現代社会では幼児から高齢者まで様々な形で人と交わり、社会的な活動に参加する。人の集まる集団の単位は家庭、保育・教育施設、余暇施設、地域社会など多様で必要な情報の交換が行われ、固有の方法で帰属している。幼児期から学童・青年期にかけては、最も教育的な関わりが多く、そこでの活動への参加の主体性・協調性・独自性はその後の社会参加の姿勢の基礎を作ると行っても過言ではない。

しかし、聞こえる子どもが地域で活動をする同じ状況を難聴児が享受するためには、聴取環境についての整備が欠かせない。具体的な方法については他車に記載を譲るが、一般に教室の中での教師・保母の距離や、音声と騒音との比はことばの聞き取りに直接影響を及ぼすと考えられる。
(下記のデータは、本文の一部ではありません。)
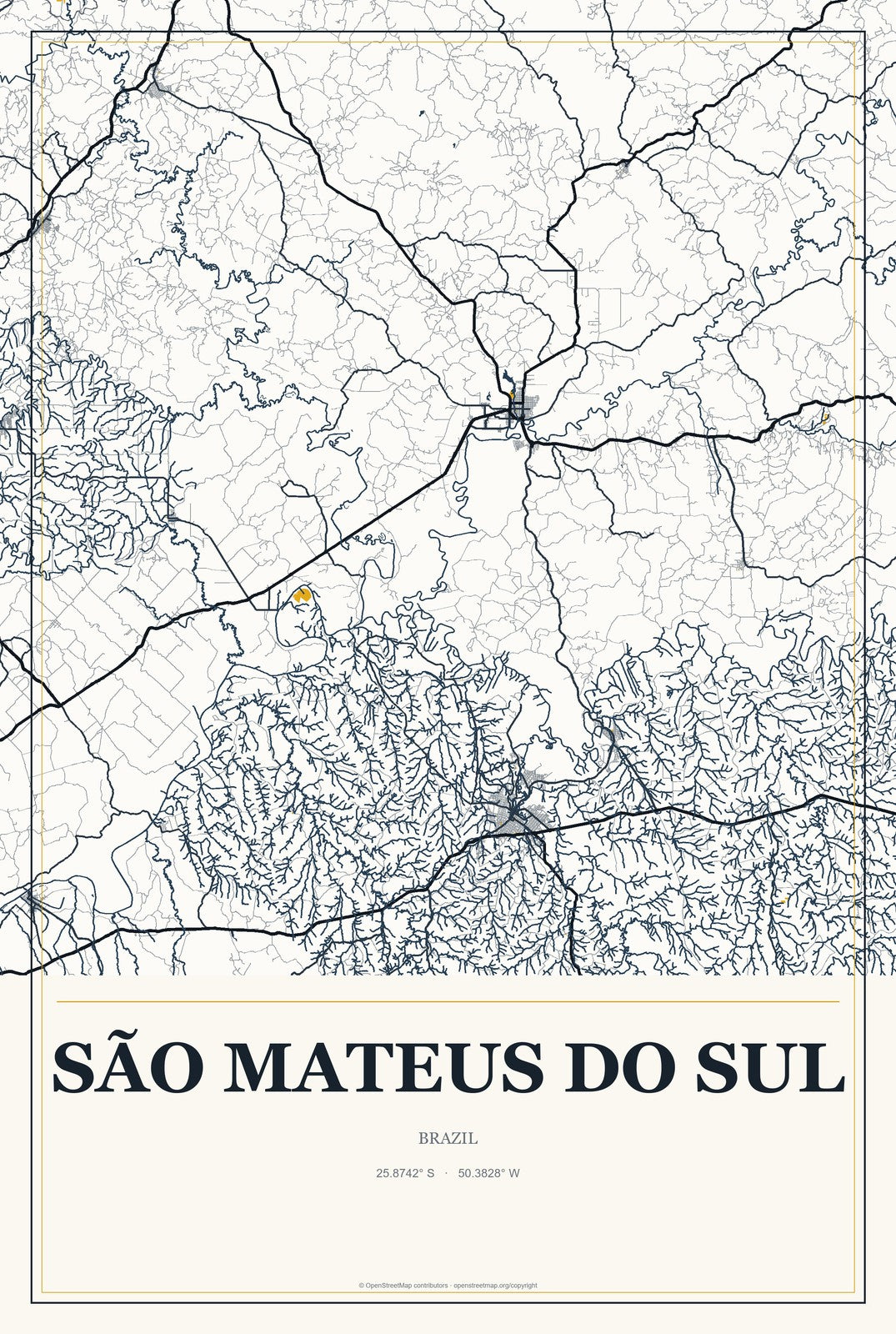 São Mateus do Sul, Brazil City Map Aluminum Sign in Citrine Modern style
そこで着席位置を担任近くに移し、FM補聴器や赤外線補聴器の使用または、板書などの視覚的教材の使用が有効であるといえる。

このように難聴児に必要な聴取環境の整備に関連して、幼児期以降は「どうして聞こえにくいのか」「補聴器はどういうものか」「どうすると聞き易いか」といったテーマで、子どもの所属する集団全体で難聴について話し合い、考えさせることができるので、様々な個性を持つ人々が共に生きることの大切さを基本に伝えていきたい。
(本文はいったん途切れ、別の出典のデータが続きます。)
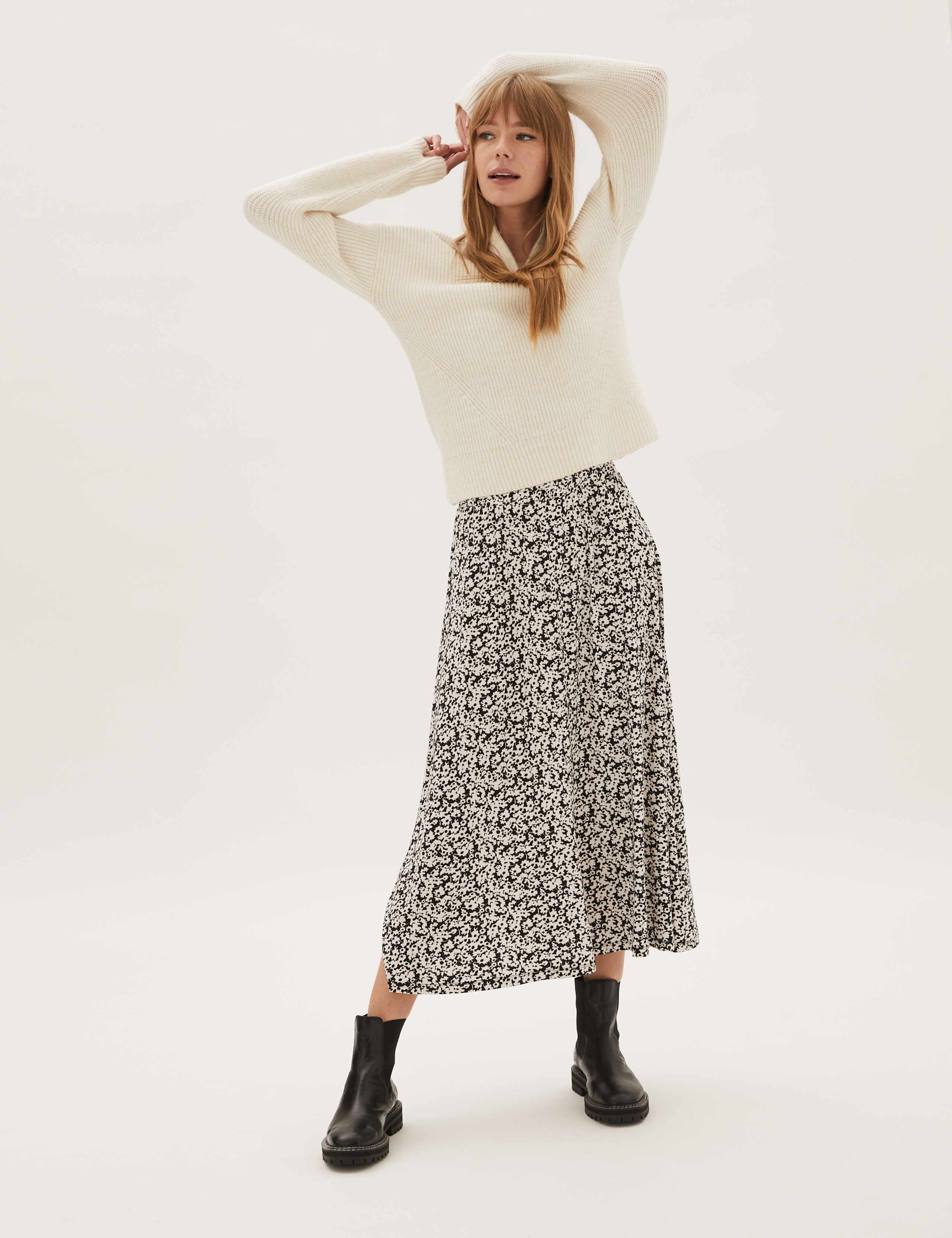 Jersey Floral Midaxi Skater Skirt 1 of 4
学童期中・高学年になると、他者の評価が認識でき、学級集団に適応したいという意思が高まる。また疎外されることを恐れて、他児と異なった立場をあえて望まない場合もある。そこで、学童期以降の聴取環境の整備には難聴児本人が自分自身について、また聴覚障害について積極的に考える力と、合理的に問題を解決する意向を身につけることが必要になる。普通校に通学する難聴児では、校内に同じ障害をもつ友人がいないために、孤立したり、難聴である自分について肯定的な認識(自信)が育ちにくい状況にある。
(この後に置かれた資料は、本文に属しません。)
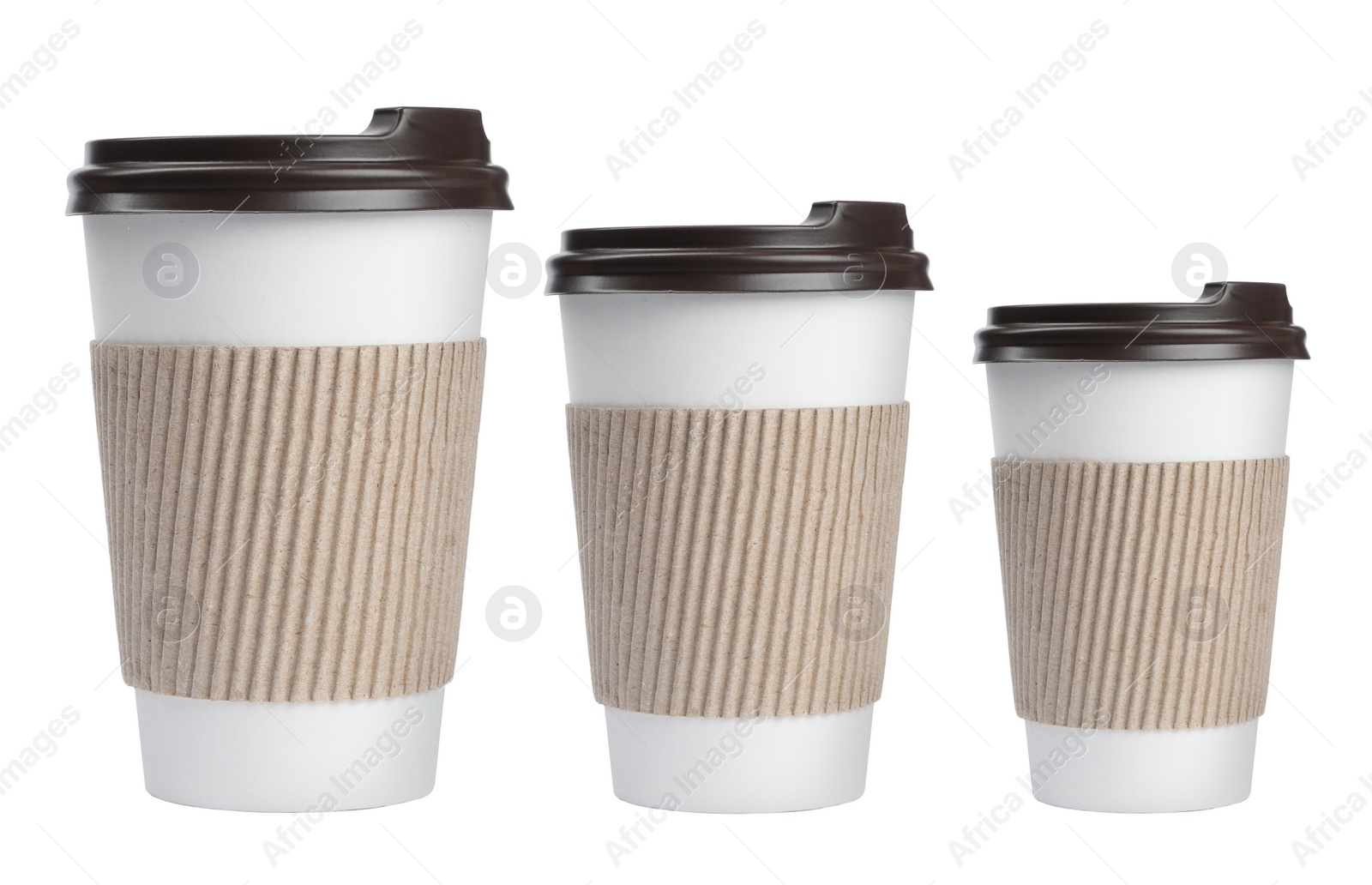 Image of Paper coffee cups of different sizes on white background, collage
少年期・青年期の同障の子ども達との交流の場や障害について考える場を用意し、聴取環境については自ら獲得していく力を付けることは、聾学校通学児も同様に、極めて重要な意味をもつ。聴覚障害についての現代科学の到達点など広く知識を求め、聴覚障害の仕組み、場面における対応方法、遠隔通信や代替コミュニケーション方法など積極的な聴覚環境の整備を模索することが期待されるといえる。